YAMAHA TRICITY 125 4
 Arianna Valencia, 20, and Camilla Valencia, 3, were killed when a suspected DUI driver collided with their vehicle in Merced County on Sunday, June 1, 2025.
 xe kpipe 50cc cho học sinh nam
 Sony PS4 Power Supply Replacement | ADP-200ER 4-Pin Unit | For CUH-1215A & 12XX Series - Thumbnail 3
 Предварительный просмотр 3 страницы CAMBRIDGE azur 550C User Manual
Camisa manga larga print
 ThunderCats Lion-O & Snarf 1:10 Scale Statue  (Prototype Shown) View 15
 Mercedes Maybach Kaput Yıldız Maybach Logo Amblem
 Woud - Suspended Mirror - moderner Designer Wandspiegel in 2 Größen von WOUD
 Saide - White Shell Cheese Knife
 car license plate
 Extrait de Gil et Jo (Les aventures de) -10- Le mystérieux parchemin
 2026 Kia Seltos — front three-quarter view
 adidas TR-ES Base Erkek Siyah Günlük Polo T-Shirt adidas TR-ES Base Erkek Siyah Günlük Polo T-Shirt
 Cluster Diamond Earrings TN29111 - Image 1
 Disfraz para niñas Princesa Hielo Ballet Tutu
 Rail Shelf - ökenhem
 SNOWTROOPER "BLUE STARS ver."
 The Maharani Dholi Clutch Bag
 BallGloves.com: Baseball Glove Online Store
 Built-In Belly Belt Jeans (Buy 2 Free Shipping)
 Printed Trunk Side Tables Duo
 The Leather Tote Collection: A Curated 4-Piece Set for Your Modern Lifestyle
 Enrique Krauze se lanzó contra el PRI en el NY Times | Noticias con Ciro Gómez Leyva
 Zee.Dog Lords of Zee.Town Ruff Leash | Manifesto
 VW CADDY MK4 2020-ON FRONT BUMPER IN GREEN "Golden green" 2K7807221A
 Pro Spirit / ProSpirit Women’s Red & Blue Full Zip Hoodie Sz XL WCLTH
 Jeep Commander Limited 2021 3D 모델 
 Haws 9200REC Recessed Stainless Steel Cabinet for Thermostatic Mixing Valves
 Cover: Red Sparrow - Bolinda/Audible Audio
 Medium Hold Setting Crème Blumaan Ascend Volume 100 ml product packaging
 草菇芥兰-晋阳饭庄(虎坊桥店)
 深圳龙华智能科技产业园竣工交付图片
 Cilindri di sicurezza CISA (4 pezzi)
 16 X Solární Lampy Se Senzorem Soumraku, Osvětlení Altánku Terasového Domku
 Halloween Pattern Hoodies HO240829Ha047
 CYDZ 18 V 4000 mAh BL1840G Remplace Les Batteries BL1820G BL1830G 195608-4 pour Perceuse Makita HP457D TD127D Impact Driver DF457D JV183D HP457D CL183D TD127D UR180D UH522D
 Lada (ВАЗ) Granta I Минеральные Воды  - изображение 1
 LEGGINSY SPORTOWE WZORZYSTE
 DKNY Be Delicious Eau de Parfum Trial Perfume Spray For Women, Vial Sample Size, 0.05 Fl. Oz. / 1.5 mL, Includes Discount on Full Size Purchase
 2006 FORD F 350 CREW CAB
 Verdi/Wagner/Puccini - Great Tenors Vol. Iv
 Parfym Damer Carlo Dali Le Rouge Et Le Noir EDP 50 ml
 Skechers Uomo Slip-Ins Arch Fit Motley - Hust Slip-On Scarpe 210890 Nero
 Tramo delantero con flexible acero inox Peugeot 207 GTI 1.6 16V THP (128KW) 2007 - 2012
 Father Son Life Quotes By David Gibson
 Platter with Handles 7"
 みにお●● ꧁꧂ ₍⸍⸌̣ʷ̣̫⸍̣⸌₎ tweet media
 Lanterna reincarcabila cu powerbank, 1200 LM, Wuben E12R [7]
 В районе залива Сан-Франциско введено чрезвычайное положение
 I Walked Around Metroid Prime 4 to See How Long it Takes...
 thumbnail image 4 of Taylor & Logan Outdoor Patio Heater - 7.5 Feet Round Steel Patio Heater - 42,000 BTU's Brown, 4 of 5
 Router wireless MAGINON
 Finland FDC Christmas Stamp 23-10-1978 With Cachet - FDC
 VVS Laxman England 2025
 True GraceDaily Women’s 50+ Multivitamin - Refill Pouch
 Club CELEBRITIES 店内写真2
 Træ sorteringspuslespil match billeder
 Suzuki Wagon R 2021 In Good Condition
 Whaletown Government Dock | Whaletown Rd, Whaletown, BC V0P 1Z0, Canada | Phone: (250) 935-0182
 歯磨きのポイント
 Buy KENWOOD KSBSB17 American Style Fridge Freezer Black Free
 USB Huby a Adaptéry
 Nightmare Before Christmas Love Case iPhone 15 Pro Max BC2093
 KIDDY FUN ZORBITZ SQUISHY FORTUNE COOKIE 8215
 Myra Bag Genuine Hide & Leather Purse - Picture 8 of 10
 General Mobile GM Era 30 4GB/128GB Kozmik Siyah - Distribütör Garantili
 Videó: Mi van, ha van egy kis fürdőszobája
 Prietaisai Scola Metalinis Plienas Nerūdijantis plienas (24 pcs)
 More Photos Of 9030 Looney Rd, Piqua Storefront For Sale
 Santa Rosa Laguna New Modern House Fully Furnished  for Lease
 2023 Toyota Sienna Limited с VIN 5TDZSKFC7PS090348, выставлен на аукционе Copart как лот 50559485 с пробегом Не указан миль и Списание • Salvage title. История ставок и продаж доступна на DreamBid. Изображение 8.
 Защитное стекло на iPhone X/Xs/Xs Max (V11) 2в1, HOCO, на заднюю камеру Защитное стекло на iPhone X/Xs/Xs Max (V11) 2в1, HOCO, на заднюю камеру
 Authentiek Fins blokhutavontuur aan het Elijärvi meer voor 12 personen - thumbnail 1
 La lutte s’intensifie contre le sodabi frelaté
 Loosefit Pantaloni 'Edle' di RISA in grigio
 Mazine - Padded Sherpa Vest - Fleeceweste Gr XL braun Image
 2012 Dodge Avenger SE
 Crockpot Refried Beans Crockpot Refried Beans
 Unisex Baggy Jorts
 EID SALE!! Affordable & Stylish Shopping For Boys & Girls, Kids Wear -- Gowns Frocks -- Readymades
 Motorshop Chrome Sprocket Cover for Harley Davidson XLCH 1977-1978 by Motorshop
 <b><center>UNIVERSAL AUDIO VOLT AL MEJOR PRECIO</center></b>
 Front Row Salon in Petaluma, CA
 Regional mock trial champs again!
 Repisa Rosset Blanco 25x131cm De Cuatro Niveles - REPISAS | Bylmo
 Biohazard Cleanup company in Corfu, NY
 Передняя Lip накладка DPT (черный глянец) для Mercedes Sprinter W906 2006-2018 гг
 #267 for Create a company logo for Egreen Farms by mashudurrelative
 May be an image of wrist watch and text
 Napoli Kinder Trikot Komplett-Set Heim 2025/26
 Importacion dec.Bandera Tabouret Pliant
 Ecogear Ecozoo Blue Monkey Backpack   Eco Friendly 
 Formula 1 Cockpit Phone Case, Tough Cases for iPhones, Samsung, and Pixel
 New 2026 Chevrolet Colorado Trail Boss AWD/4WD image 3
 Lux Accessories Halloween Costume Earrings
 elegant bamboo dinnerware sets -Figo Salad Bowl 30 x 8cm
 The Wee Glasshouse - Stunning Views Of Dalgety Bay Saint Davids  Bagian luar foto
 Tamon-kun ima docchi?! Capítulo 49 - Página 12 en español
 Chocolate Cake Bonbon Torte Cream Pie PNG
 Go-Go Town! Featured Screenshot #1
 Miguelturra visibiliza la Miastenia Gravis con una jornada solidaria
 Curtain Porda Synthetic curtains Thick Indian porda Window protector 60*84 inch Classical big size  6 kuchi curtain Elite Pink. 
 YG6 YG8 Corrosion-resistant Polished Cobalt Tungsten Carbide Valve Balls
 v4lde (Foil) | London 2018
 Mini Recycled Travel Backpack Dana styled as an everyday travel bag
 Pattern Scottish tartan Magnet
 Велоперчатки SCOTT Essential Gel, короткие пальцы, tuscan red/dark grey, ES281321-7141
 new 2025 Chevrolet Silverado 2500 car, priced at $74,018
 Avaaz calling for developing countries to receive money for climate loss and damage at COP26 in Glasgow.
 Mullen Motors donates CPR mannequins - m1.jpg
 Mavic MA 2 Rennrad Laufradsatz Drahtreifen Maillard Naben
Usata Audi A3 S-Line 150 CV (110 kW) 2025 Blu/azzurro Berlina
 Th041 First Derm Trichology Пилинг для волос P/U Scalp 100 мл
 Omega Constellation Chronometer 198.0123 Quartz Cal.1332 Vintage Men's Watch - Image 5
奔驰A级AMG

------------------------

Above are the records; repeat exactly the lines from the one holding "Skechers Uomo Slip-Ins" down to the one holding "EID SALE!! Affordable", end lines included.

#### ANSWER AREA:
 Skechers Uomo Slip-Ins Arch Fit Motley - Hust Slip-On Scarpe 210890 Nero
 Tramo delantero con flexible acero inox Peugeot 207 GTI 1.6 16V THP (128KW) 2007 - 2012
 Father Son Life Quotes By David Gibson
 Platter with Handles 7"
 みにお●● ꧁꧂ ₍⸍⸌̣ʷ̣̫⸍̣⸌₎ tweet media
 Lanterna reincarcabila cu powerbank, 1200 LM, Wuben E12R [7]
 В районе залива Сан-Франциско введено чрезвычайное положение
 I Walked Around Metroid Prime 4 to See How Long it Takes...
 thumbnail image 4 of Taylor & Logan Outdoor Patio Heater - 7.5 Feet Round Steel Patio Heater - 42,000 BTU's Brown, 4 of 5
 Router wireless MAGINON
 Finland FDC Christmas Stamp 23-10-1978 With Cachet - FDC
 VVS Laxman England 2025
 True GraceDaily Women’s 50+ Multivitamin - Refill Pouch
 Club CELEBRITIES 店内写真2
 Træ sorteringspuslespil match billeder
 Suzuki Wagon R 2021 In Good Condition
 Whaletown Government Dock | Whaletown Rd, Whaletown, BC V0P 1Z0, Canada | Phone: (250) 935-0182
 歯磨きのポイント
 Buy KENWOOD KSBSB17 American Style Fridge Freezer Black Free
 USB Huby a Adaptéry
 Nightmare Before Christmas Love Case iPhone 15 Pro Max BC2093
 KIDDY FUN ZORBITZ SQUISHY FORTUNE COOKIE 8215
 Myra Bag Genuine Hide & Leather Purse - Picture 8 of 10
 General Mobile GM Era 30 4GB/128GB Kozmik Siyah - Distribütör Garantili
 Videó: Mi van, ha van egy kis fürdőszobája
 Prietaisai Scola Metalinis Plienas Nerūdijantis plienas (24 pcs)
 More Photos Of 9030 Looney Rd, Piqua Storefront For Sale
 Santa Rosa Laguna New Modern House Fully Furnished  for Lease
 2023 Toyota Sienna Limited с VIN 5TDZSKFC7PS090348, выставлен на аукционе Copart как лот 50559485 с пробегом Не указан миль и Списание • Salvage title. История ставок и продаж доступна на DreamBid. Изображение 8.
 Защитное стекло на iPhone X/Xs/Xs Max (V11) 2в1, HOCO, на заднюю камеру Защитное стекло на iPhone X/Xs/Xs Max (V11) 2в1, HOCO, на заднюю камеру
 Authentiek Fins blokhutavontuur aan het Elijärvi meer voor 12 personen - thumbnail 1
 La lutte s’intensifie contre le sodabi frelaté
 Loosefit Pantaloni 'Edle' di RISA in grigio
 Mazine - Padded Sherpa Vest - Fleeceweste Gr XL braun Image
 2012 Dodge Avenger SE
 Crockpot Refried Beans Crockpot Refried Beans
 Unisex Baggy Jorts
 EID SALE!! Affordable & Stylish Shopping For Boys & Girls, Kids Wear -- Gowns Frocks -- Readymades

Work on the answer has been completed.